PSA: Kingdom Of Heaven (2005), or And Peace Be With You

21 11 2009

One of my favorite films of the new millennium, Kingdom of Heaven is an under-appreciated classic, a treasure of a film that was shunned in many circles at the time of its release because of its incongruity and certain character flaws. It faded quickly into the realms of the forgotten, but I always held a flame aloft for the historical epic. I admitted to most of the flaws, albeit begrudgingly, but I still had a weird attraction to it, and until about a year ago, I couldn’t really explain it. Now, before about a year ago, I would have bowed to conventional wisdom that if I could not put my pro-KoH argument in words, than it obviously was not that good of an argument. But, last April or so, I discovered the reason that the movie seemed so off to me, and the source of a lot of anti-KoH arguments, is that the studio edited almost an HOUR out of the theatrical cut! AN HOUR! That’s a lot of info to leave out! Now, with a lot more backing this time compared to March of last year, I can safely say that Kingdom of Heaven IS a good movie, a great movie even. It’s not a perfect movie, but it skirts very flirtatiously with immortality, something I admire in a work of art.

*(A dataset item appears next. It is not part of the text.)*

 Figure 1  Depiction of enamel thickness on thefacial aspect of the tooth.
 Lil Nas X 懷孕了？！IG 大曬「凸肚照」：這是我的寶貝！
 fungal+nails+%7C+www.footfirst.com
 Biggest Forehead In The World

We’re taken to the 12th century, between the Second and Third Crusades. Balian, a lonely blacksmith in France, grieving over the suicide of his wife, finds no solace in his work or his life doomed to obscurity. As fate would have it, however, a knight traveling through the area pops into his life. He claims to be his father, and offers him a choice; he can stay in the sad, empty husk of France during the Middle Ages and continue his life as if nothing had happened, or he can come with him to Jerusalem, where the knight holds court with King Baldwin IV. At first hesitant, Balian joins the group of Crusaders after hearing that perhaps his wife’s soul can be saved from Hell if he absolves her sins in the Holy Land (people believed that suicides were instant fodder for Hell back then, although some STILL do). Thus begins a journey of the self through the world of the Dark Ages as Balian travels from his tiny, myopic Medieval world all the way to the center of the world’s tumult, Jerusalem, where a new dispute is broiling beneath the surface of the Second Crusade’s short-lived peace. King Baldwin IV is dying painfully from his crippling leprosy, the Knights Templar are restlessly itching for a battle with the Muslims, their sworn enemy, and on the other side of the wall, a new Muslim assault is being only barely kept at bay by the efforts of their sultan, Saladin. The truce will not last much longer, and Balian’s part in this is larger than he yet knows. It will be a long, unforgiving road ahead for him, but with his wife’s eternal soul in the balance, he is willing to do anything to unchain her from the fiery pits below.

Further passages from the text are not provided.